The Microbiological Institute reports very hopeful progress toward finding effective vaccines against the common cold and other minor upper respiratory infections. The hope stems from the successful isolation of a whole series of hitherto unknown viruses, called the APC viruses, which are associated with the development of striking epidemic illness.
Research on epilepsy by the Neurology Institute offers some very promising leads having to do with chemical deficiencies of the epileptic tissue which may possibly be corrected by adding chemicals to the blood.
The Microbiological Institute has made significant progress in developing and testing effective vaccines against influenza.
The Cancer Institute has demonstrated the usefulness of the female sex hormones in treatment for cancer of the breast, cervix, and the prostate gland.
Items of progress such as these and many others recorded in the hearings are I think the kind of return Congress was hoping for when it supported the development of the National Institutes of Health during the decade just past.
The committee has also received a great deal of clarifying testimony and wise counsel from distinguished scientists and interested laymen who have journeyed to Washington at their own expense to comment on the health needs of the Nation.
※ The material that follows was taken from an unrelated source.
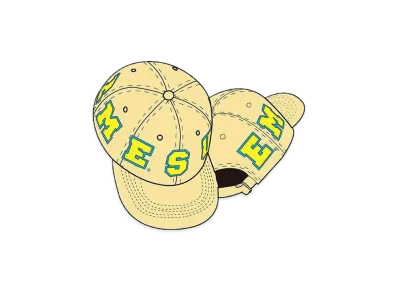 Supreme Spellout 6-Panel "Yellow"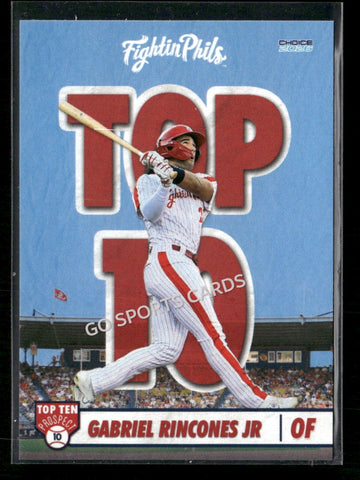 2026 Reading Fightin Phils Top 10 Prospect Gabriel Rincones Jr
In addition, members of the committee have visited the National Institutes of health to see firsthand the work that is going on in the laboratories, the research facilities, and the caliber of the professional staff.
Through the years, we have been impressed, too, by the demonstrated ability of the National Institutes of health to administer a complex and extensive program in support of research and research training--a program which reaches into the heart of virtually every medical research institution in this country--without interference, without Federal domination or control, but with the kind of relations which assure that the program meets the needs of the Nation as a whole. I have met personally with a number of medical school deans, administrators, teachers, and research workers; and I am assured that the mechanisms for administration and review of these grant and award programs, and the policies which they reflect, are broadly endorsed throughout the country.
Gentlemen, the total medical research expenditure in this Nation today is under $200 million a year. This includes support of research from all sources - philanthropy, endowment, industry, and government. It represents only 5% of all research and development of all kinds. I do not propose to make comparisons between medical research and other necessary research, such as that in atomic energy, or in agriculture. I do believe, however, that the $200 million total is small in view of the importance of the problems of disease and the potential gain from attacking disease through medical research.
The annual appropriations to the National Institutes of Health represent an important segment of the total national expenditure for such research. We have in large measure helped to create a program which is essential to continuing progress against disease. It is today an alert, flexible, dynamic program. It is up to us, and to those who may succeed us, to make sure that the program measures up through periodic review. I propose, as a part of my duties, to continue to conduct such reviews, paying particular attention to the broad areas of research interest and seeking to pinpoint research needs wherever they may occur. At the same time, I propose to make sure that the National Institutes of Health does not suffer through thoughtless and short-sighted decisions which might put its productivity in jeopardy.